Кроме того, здесь интересно и то, что я обнаружил новый для себя род техники письма, которая не только к традиционной додекафонной не имеет отношения никакого, но и даже к моему двенадцатикратному структурному принципу тоже. Что здесь особенно важно? Во-первых, колоссальное значение пауз. Паузы осмысляются, как звучащие фрагменты — они очень весомые и всегда обращают на себя внимание. Второе, что касается этой техники — это, грубо говоря, особая гетерофония, когда кажется, что все поют одноголосно, но при этом и немножечко расходятся. То есть, все тембры немножечко расходятся, исходя из природы каждого инструмента. Ноты могут быть и схожи и одинаковы даже, но всё играется чуть-чуть по-разному, разноритмично. То есть, фактически, это всё-таки монодия, но монодия, которая таковой не кажется, потому что все вразнобой играют и делают это несколько неуклюже, коряво как бы, то есть всё время есть какая-то такая нарочитая корявость и даже немножко варварская как бы. И вот здесь-то так и «сопят», так и «дышат» эти несчастные неуклюжие существа «мамонты». Дышат, дышат, а потом вдруг пауза, снова пауза; затем начинается некоторое оживление и в конце концов всё приходит к последнему разделу середины, когда всё мельчится, мельчится и ужимается в унисон. А затем? Затем возникают «столбы» из начала, то есть ритмическая монодия, усиленная всем составом ансамбля, но при этом буквально повторяющая материал самого начала. То есть возникает обрамление, но обрамление динамизированное, потому что здесь материал гораздо больше просто по размерам.
— Вы любите это сочинение?
— Да. Очень. И за что я люблю его ещё, что оно абсолютно не рассчитанное. И вместе с тем я чувствую в нём большую собранность, собранность и напряжённость — те качества, которые я очень ценю: во-первых, вся вещь ощущается как единая, она не расползается по швам; а во-вторых, здесь есть то, что Гершкович называл «радиоактивностью», то есть когда есть энергия, которая всё время вас толкает.

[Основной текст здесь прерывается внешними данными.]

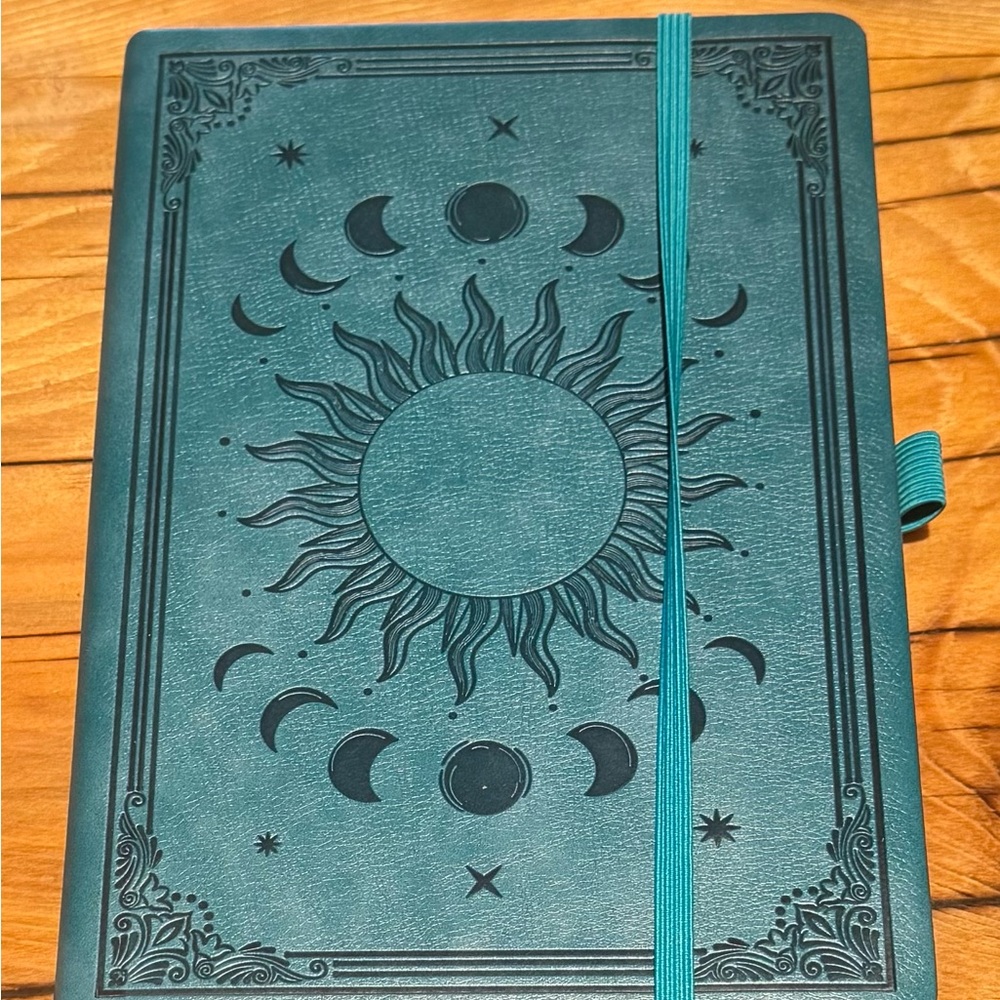 Teal Sun and Moon Leather Password Notebook - brand new!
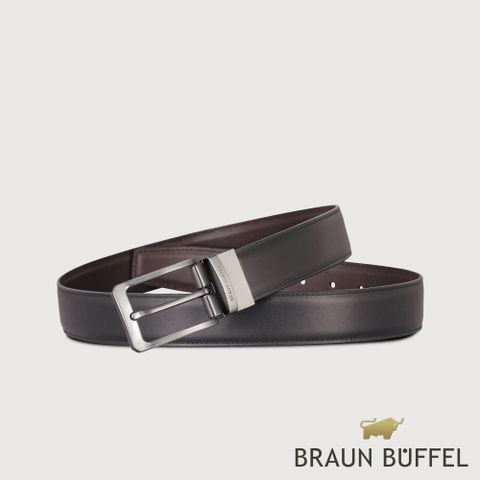 BRAUN BUFFEL 德國小金牛 台灣總代理 商務型 簡約造型穿針式皮帶-銀色/BF24S-RO227T-SNK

— Другими словами, это уже не рыхлое с вашей точки зрения сочинение?
— Конечно. — А где вы сочиняли «Слово…»?
— Я начинал его дома, но расписался в Дилижане. Один единственный раз я съездил в Дилижан и во всю там расписался в Доме творчества, в какой-то невероятно дивной по красоте местности, просто первозданной по красоте. И на меня наверное она как-то благоприятно подействовала — там так хорошо работалось.
— И своих «мамонтов» вы тоже там сочинили?
— Я сейчас уже не помню так подробно. Но помню, что закончить «Слово…» я смог именно в Дилижане. Во всяком случае, я начал его в конце 1974-го ещё в Москве, а в мае мы поехали в Армению, и там оно было полностью написано. Вот поэтому оно, кстати, с тех пор и ассоциируется у меня с Дилижаном, с красивейшими армянскими горами.
— Вы заговорили об Армении, а я сразу подумал почему-то о ваших политембровых унисонах?
— Да. Это наверное как-то связано. Ну, если вы считаете, что это не обязательно еврейское, то всё же несомненно какой-то Восток, согласитесь, в этом всё-таки есть.
— Ну, раз есть политембровая монодия и такие, повторяя ваши слова, немножко «диковатые» духовые, и уж тем более столь изощрённый ритм, то, наверное, так оно и есть.